What unites the contemplative life with active life in your life? Theologian Sameer Yadav reflects on mysticism, activism, and wonder—drawing together the Cappadocian Father Gregory of Nyssa and the spiritual father of American Civil Rights Howard Thurman. Interview by Evan Rosa.

Which is greater: action or contemplation? Which is more excellent and therefore more central and determinative in human flourishing? A life of action—focused outward in service of humanity and exterior, public, practiced love? Or a life of contemplation—focused inward in reflection and meditation and communion with God, a private, interior castle of wisdom?

You might be quick to point out that it's a false dilemma and of course we need both.

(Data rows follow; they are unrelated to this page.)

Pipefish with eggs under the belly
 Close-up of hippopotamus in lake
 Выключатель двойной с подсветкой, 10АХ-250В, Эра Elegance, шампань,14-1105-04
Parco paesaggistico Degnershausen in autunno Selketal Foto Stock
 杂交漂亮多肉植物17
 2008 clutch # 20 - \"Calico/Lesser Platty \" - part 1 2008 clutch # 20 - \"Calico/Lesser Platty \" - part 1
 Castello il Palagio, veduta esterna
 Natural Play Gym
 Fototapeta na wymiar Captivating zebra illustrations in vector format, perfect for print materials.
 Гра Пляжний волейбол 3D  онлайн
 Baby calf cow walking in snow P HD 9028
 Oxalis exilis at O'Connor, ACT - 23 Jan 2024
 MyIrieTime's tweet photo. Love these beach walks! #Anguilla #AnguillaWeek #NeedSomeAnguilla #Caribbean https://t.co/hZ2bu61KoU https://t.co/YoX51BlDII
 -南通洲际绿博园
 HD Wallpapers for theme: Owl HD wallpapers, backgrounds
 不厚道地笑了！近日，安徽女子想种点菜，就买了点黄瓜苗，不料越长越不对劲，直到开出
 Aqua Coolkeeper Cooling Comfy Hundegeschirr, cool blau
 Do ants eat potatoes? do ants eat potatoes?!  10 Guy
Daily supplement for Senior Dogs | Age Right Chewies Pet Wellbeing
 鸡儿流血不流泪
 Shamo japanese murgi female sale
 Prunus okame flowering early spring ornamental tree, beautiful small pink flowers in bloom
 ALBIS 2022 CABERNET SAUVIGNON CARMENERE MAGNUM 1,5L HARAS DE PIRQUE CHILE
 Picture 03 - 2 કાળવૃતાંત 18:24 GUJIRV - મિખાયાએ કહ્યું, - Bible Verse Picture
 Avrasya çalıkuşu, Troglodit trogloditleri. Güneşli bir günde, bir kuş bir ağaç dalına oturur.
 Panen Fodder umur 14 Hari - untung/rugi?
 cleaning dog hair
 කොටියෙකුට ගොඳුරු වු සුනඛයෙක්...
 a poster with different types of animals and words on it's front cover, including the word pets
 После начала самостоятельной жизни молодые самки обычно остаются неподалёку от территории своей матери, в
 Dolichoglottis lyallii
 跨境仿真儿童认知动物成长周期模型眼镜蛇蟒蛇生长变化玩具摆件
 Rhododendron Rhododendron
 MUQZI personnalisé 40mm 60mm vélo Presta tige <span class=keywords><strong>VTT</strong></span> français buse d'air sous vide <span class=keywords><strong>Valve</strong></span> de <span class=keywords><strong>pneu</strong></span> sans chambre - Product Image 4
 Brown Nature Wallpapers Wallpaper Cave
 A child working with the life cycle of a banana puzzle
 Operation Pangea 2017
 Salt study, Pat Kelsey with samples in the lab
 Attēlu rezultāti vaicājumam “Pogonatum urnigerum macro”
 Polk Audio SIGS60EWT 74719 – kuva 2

But this is quite an old conundrum in both the history of philosophy and the history of Christianity and it continues to find expression in contemporary life as we struggle with the idea of personal morality and social justice.

The world today is as broken a place as ever; individual people are as broken as ever—and what will heal us? Meditation and mindfulness and prayer? Or doing justice, loving mercy, and walking humbly?

If the answer is in fact both, what unites the contemplative life with active life in your life?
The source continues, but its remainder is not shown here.